In 2005, you may gift as much as $11,000 a year to each child (or anyone you please) free of estate taxes. Any amounts over $11,000 per year are deducted from your lifetime gift exclusion. Check for current information.

Gifting to Children
There are two acts that allow you to contribute to investment accounts for the specific benefit of your child:

  • UTMA. The Uniform Transfers to Minors Act (UTMA) is offered in all states except South Carolina and Vermont.
  • UGMA. The Uniform Gifts to Minors Act (UGMA) is only offered in South Carolina and Vermont

Both accounts allow parents, grandparents, and even non-relatives to contribute an irrevocable gift to minors. This means that the account is set up in the child's name, and when the child comes of legal age (varies by state) he or she will receive the money and earned interest.

529 savings plans
Another way to gift assets is through a 529 state college savings plan. Parents or grandparents may designate money for their (grand) children's college education while benefiting from the following estate planing advantages:

  • In 2005 contributors may roll 529 plan contributions up five years for tax purposes-so instead of gifting $11,000 a year tax free, they may contribute up to $55,000 in one year
  • 529 contributions are no longer considered part of an estate, so they are not subject to estate taxes upon the account owner's death
  • Contributions may qualify for a state tax deduction
  • Earnings avoid state taxes
  • Earnings grow federal tax deferred
  • Earnings void taxes altogether when used for beneficiary's college tuition (taxed to beneficiary)
  • Should the beneficiary decide not to attend college, the account owner may name a new beneficiary or retain control of the assets (subject to a 10% penalty on earnings used for non-college related expenses)

Gifting to charity
The charitable remainder trust (CRT) allows a tax deduction for all assets set up in a trust as an eventual gift to a qualified U.S. charity. CRTs allow people with large estates to take advantage of a triple tax break: An income tax deduction, the avoidance of capital gains on highly appreciated assets, and no estate taxes on the charitable contribution upon your death.
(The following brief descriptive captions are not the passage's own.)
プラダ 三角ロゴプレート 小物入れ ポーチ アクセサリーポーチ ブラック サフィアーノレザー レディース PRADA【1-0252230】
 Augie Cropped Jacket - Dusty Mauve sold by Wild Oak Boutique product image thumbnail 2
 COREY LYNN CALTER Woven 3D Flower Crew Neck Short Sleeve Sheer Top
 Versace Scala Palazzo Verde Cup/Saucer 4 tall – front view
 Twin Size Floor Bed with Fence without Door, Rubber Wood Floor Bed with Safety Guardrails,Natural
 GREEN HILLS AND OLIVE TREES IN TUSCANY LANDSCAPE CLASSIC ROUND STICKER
The following are steps to setting up a CRT:

  1. Set up a CRT with low-income producing assets, such as highly appreciated stock
  2. You may take a tax deduction on the full value of the gifted assets in the year you set up the trust, or carry it forward over five years
  3. Have the trust sell the assets and reinvest the money in higher-income producing assets
  4. Set up an annuity schedule whereas the trust pays out a percentage of the account's assets, either for life or over a specified term
  5. After you pass on or the term ends, all assets remaining in the trust go to the charity(s) of your choice, avoiding any estate tax liability

A CRT allows you to offset the tax liability of a lump sum cash windfall, yet still receive a steady income throughout your life. Plus, in the end, what remains of your estate will transfer to the charity of your choice.